■ Your objective:
Take the line containing "Kruidvat Difrax Natural" and every line after it to the end of the material below; reproduce them exactly, without pictures.

■ Records for this exercise:
──────
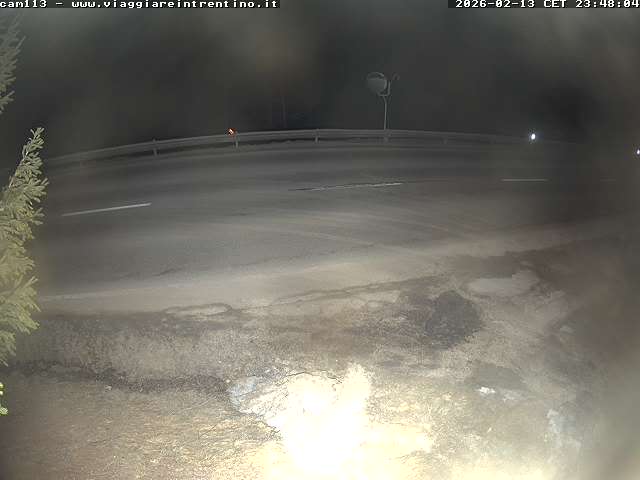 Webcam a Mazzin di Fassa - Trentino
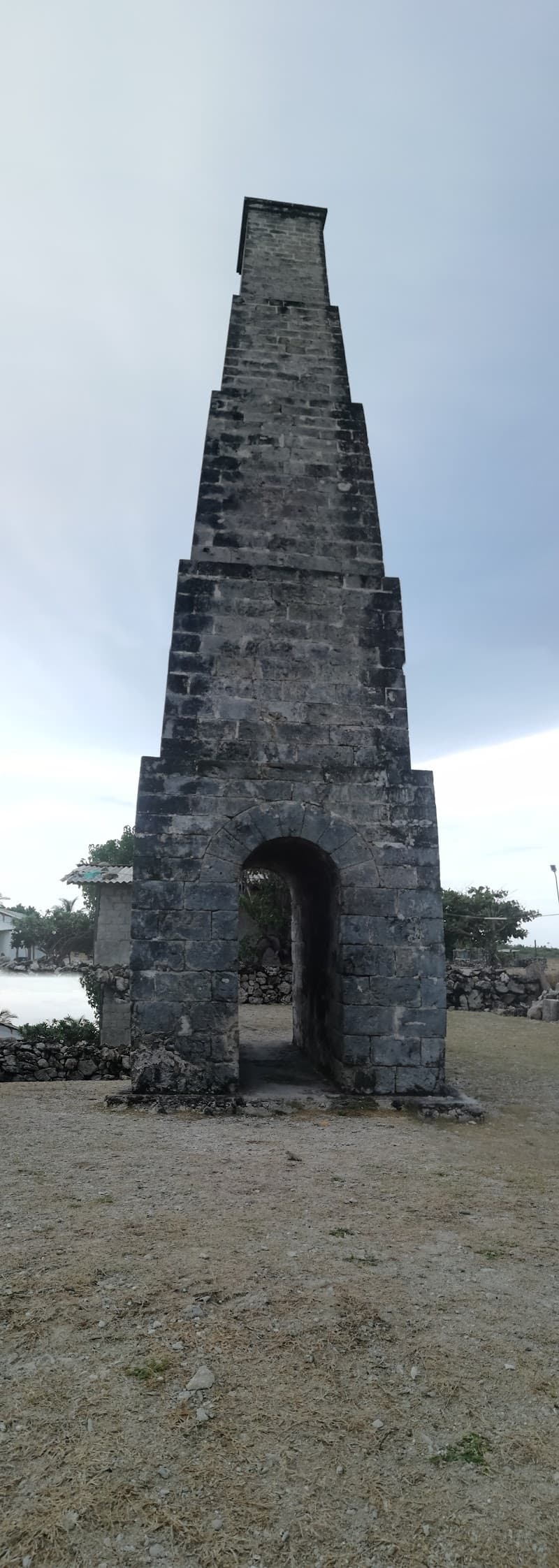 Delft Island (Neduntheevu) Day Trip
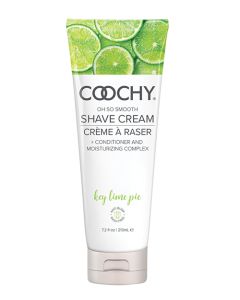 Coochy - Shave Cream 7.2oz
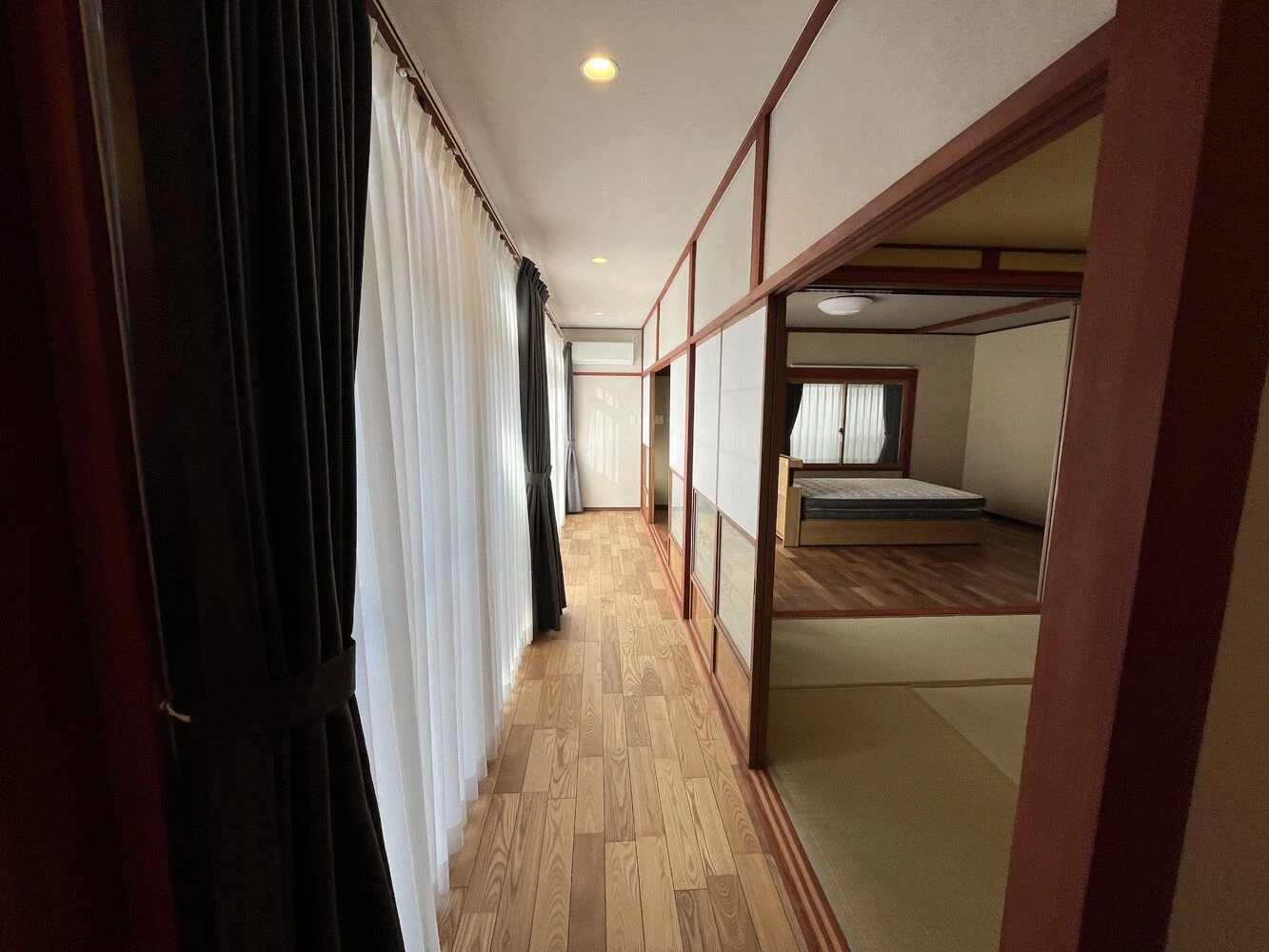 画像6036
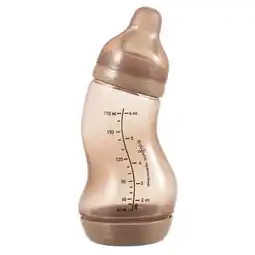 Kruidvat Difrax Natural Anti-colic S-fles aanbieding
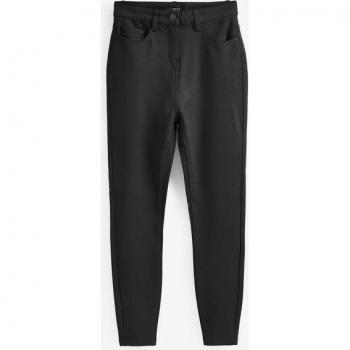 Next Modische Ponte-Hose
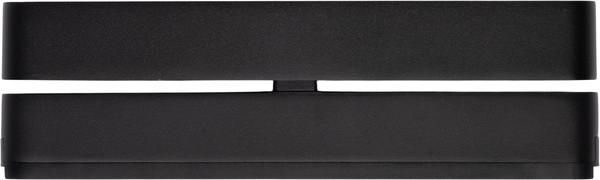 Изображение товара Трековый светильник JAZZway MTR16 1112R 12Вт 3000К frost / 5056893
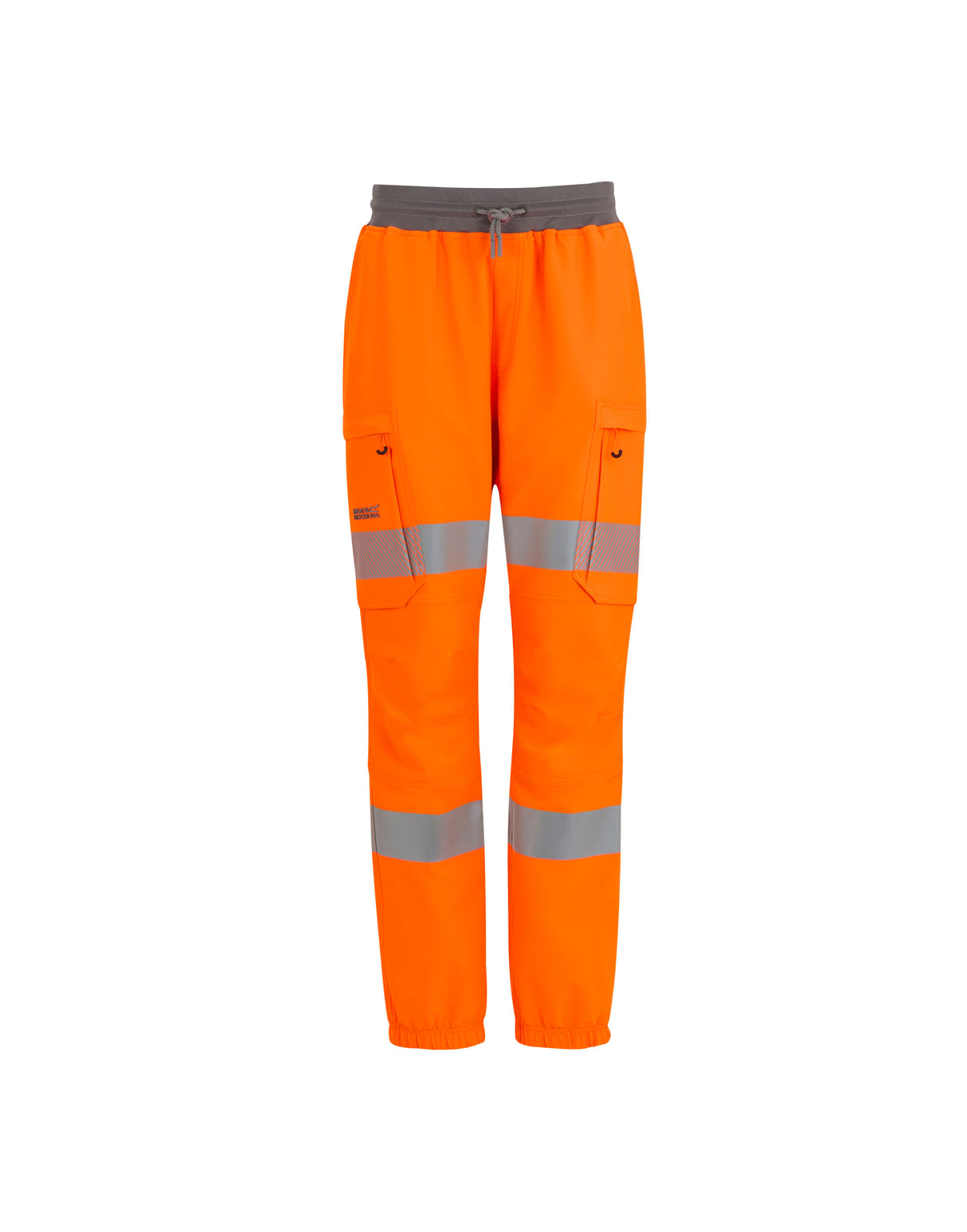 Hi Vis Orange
──────
■ Result:
 Kruidvat Difrax Natural Anti-colic S-fles aanbieding
 Next Modische Ponte-Hose
 Изображение товара Трековый светильник JAZZway MTR16 1112R 12Вт 3000К frost / 5056893
 Hi Vis Orange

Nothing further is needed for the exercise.